JOHN LEYTON - “Johnny Remember Me”
(2nd September 1961)
I can’t take any of Joe Meek’s futurist cred away, and I wouldn’t want to try. But with forty-years of hindsight it’s also obvious how bound some of his records are to the past. “Johnny Remember Me” comes at us, bodice heaving, straight out of the Victorian gothic - “when the mists are rising and the rain is falling and the wind is blowing cold across the moors”. It’s a ghost story! But more than that, it’s a country ghost story - Leyton’s accent slips into pseudo-prairie and the urgent gallop of the music shares a bloodline with western standard “Ghost Riders In The Sky”. And more still, it’s a love song - a haunted, desperate love song.

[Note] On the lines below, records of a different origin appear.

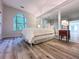 Bedroom features stylish flooring, large window, and mirrored closet at 2160 Towne Manor Nw Dr, Kennesaw, GA 30144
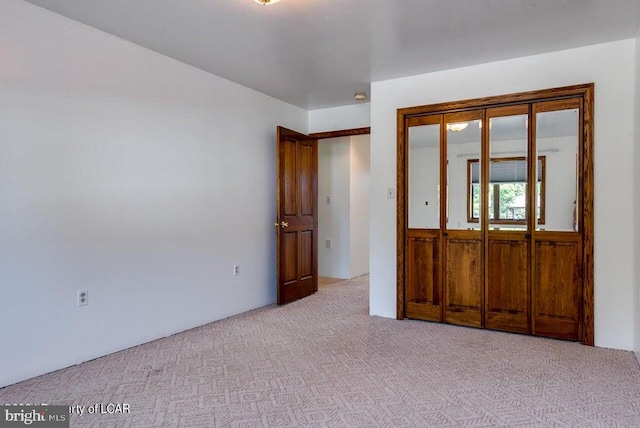 unfurnished bedroom featuring light colored carpet and a closet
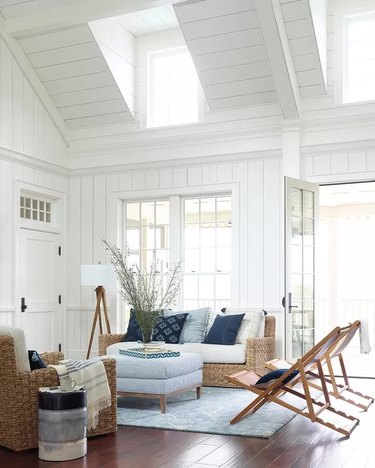 A high ceilinged livingroom with a coastal decor vibe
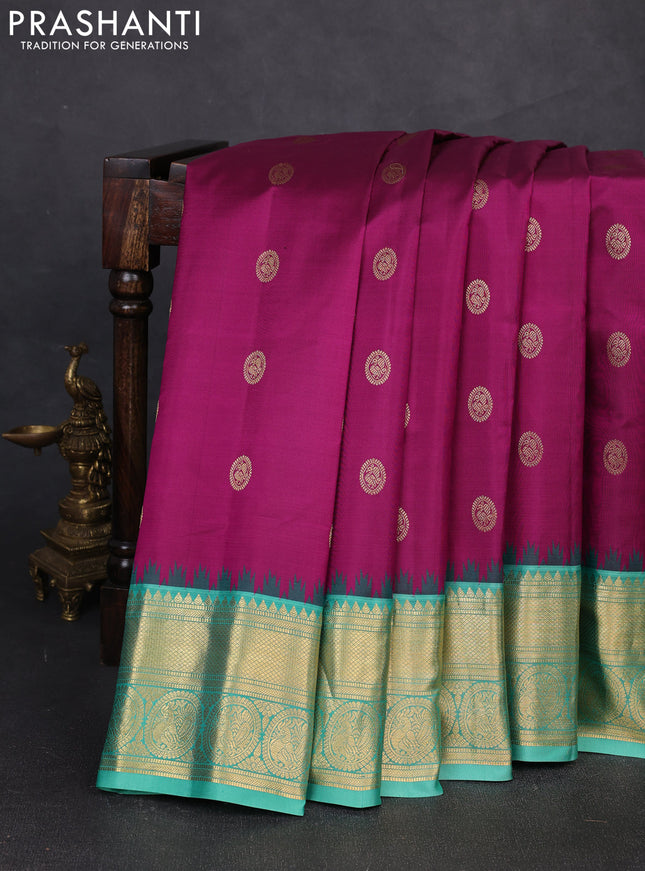 Pure gadwal silk saree purple and teal green with zari woven buttas and temple design zari woven border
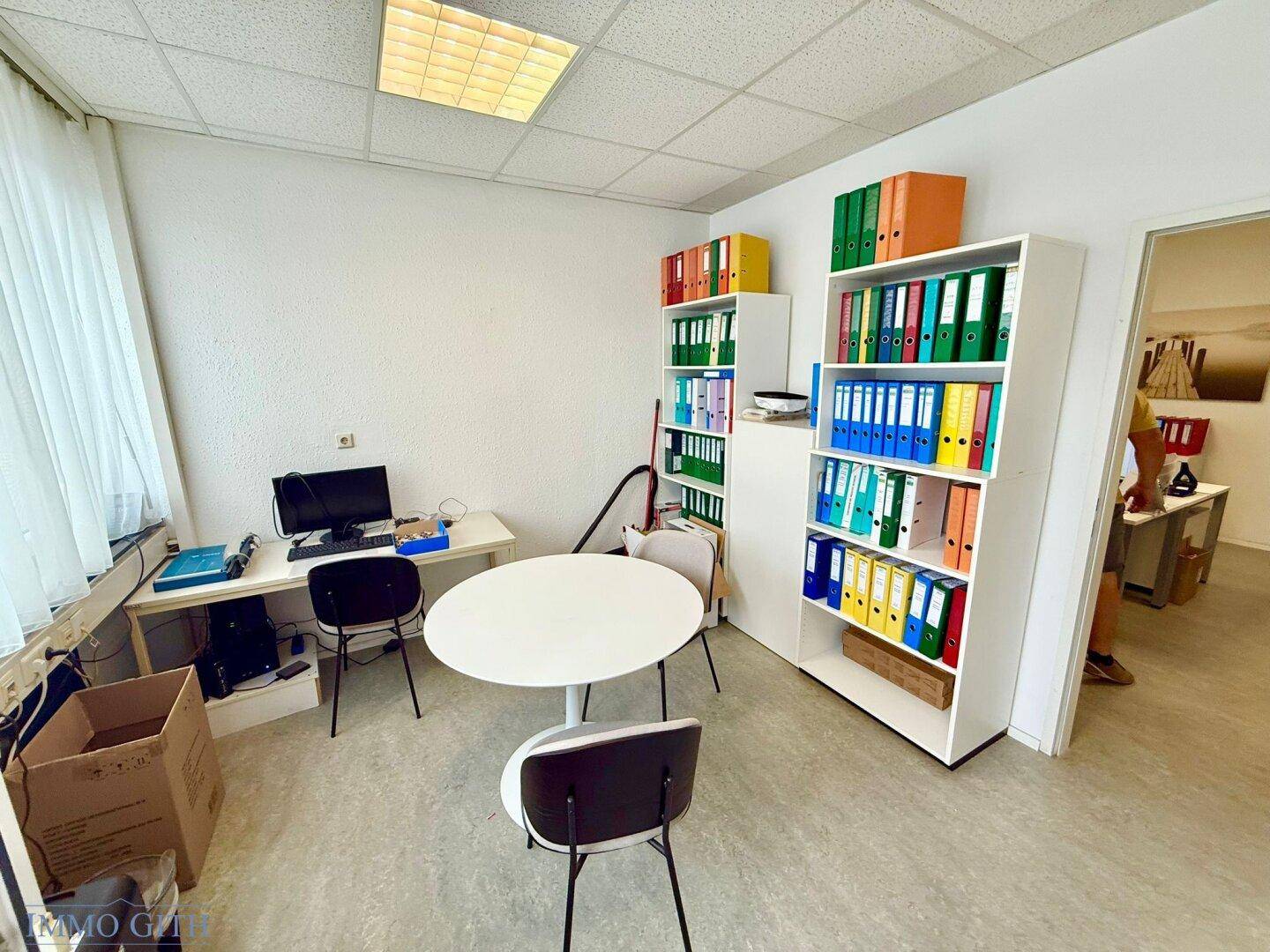 Büro mit mehreren Regalen voller bunter Aktenordner, einem kleinen Tisch und Stühlen.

As the dead beloved’s vocals ring out high and clear Leyton’s own replies become more crazed - “Yes I’ll always remember - till the day I die I’ll hear her cry!”. Meek’s use of echo here is perfect - Leyton’s voice has a tint of it but the dead woman’s words are sharp and true; out on these moors we have slipped more than halfway into the beyond and it’s the living who sound muffled and eerie.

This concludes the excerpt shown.